Sorting My Recipes

I have a recipe box. I got it when Howard and I were first married and I carefully collected recipes to fill it. Collecting and trying out recipes was part of how I learned to manage my own kitchen and was helpful for Howard and I to define our shared identity as a couple. We liked this one, we didn’t like that one, this one needs adjusting, we’ll never try that again. When we moved to our first house, the recipe box came with us. In our current house it first took up residence on the counter next to our library of cookbooks. Over the years it moved to a corner of the counter and then to on top of the fridge. We still cook, but I reach for the books more than I do the box. Half the time I’m reaching for one of a dozen pieces of loose paper, recipes that I’ve printed off the internet and stuck in the row of cookbooks because I make them again and again. The size of this stack of loose paper has begun to be ridiculous. Today I realized that loose paper is the reason that recipe boxes were invented. It is a place to collect the recipes.

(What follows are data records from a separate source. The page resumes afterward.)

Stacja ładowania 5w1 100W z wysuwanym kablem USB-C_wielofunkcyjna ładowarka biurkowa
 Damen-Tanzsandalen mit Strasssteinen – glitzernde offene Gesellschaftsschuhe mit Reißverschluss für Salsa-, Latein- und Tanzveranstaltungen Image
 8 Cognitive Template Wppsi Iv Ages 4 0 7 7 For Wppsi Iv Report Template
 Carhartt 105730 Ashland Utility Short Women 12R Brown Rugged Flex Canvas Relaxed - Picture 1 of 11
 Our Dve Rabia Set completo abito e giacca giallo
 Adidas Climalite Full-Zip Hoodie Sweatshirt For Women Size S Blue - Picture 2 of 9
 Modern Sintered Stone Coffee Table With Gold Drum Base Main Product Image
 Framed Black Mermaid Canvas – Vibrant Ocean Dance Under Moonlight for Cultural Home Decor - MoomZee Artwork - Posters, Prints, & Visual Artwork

So I pulled out my little box and I sorted through it. I got rid of all the recipes that I grabbed because I might make them one day. I kept all the things for which I have fond memories. I definitely kept the ones that we continue to make. It was like a walk down memory lane touching all the cards of odd things I collected over the years. There were card given me by people I don’t remember. I vaguely remember that giving me recipes was part of my bridal shower. Some of them came from there. Others were clipped from a cooking magazine that was given to us as a wedding present. But there is no sense in cluttering my life with little pieces of paper because they provoke a vague nostalgia. I cleared it out and made space for things to come.

Now I need to find a program that will let me transcribe recipes so that I can print them on cards, but which will also let me easily duplicate them for other people. My children are going to be heading out into the world to cook for themselves and I’m certain that some of them will be asking for copies of some of the recipes I’ve used. It would be nice to just be able to print those out instead of copying by hand. Except, I did keep one recipe that I’ve never made, because it was in Great Uncle Blake’s shaky handwriting. So perhaps there is value in handwritten cards.

Mostly I like knowing that I have space for things that are useful to me instead of it being occupied by things that are lingering without purpose.

6 thoughts on “Sorting My Recipes”

  1. My mother wrote out favorite recipes in a word program, printed them out on pretty paper, cut them apart, and used those small photo album books. It’s one of my favorite cookbook/recipe collections.

  2. When I turned 18 and moved away from my parents’ house, I went through all of my mom’s recipes and painstakingly copied my favorites by hand onto matching index cards in a brand new recipe box. That box followed me through four years of college and nearly a decade of marriage, and now it sits in a dusty corner on my kitchen counter. I tend to reach for cookbooks and loose internet-printed recipes more often too. I very rarely open that box anymore. This post makes me wonder what I’d find if I went through it again.